(Collected data begins)

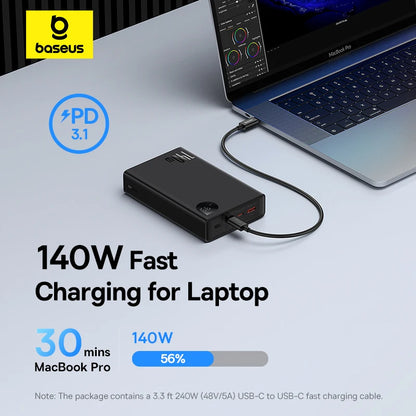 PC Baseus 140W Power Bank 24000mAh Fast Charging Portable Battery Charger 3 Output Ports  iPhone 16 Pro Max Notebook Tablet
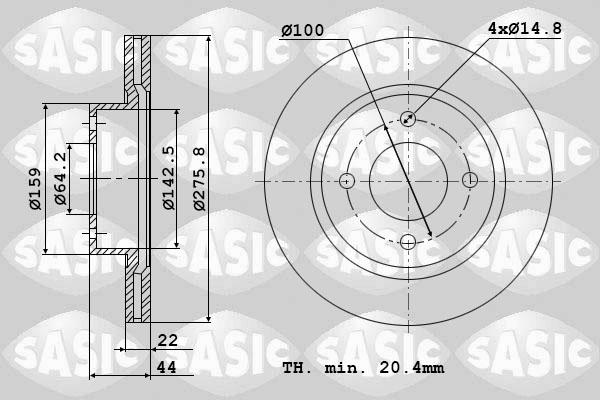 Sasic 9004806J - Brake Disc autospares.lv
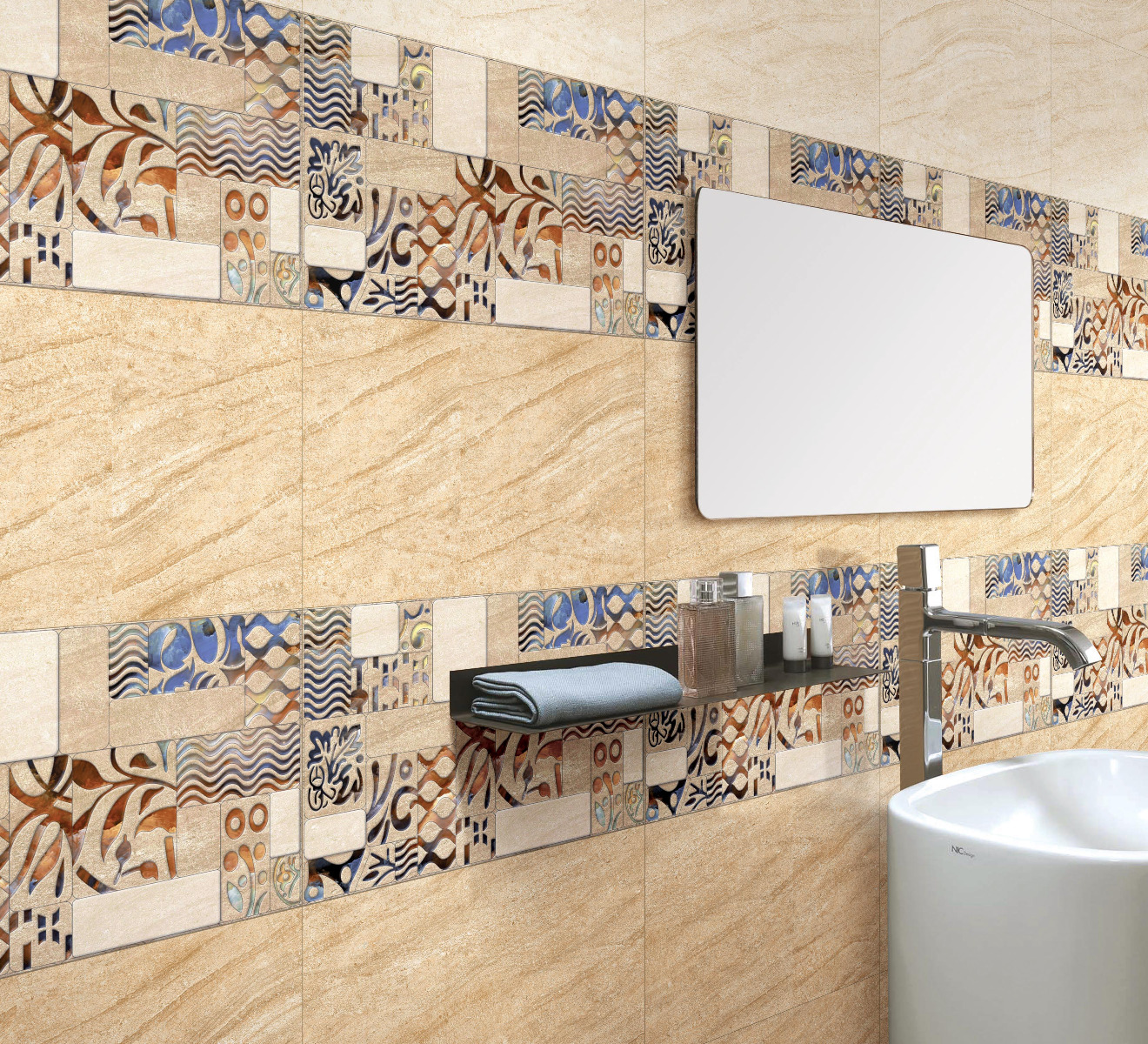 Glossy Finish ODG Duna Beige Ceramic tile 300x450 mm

(Collected data ends)

» Directions for this task
The lines above must be transcribed exactly, with every picture left out.

» Written answer
 PC Baseus 140W Power Bank 24000mAh Fast Charging Portable Battery Charger 3 Output Ports  iPhone 16 Pro Max Notebook Tablet
 Sasic 9004806J - Brake Disc autospares.lv
 Glossy Finish ODG Duna Beige Ceramic tile 300x450 mm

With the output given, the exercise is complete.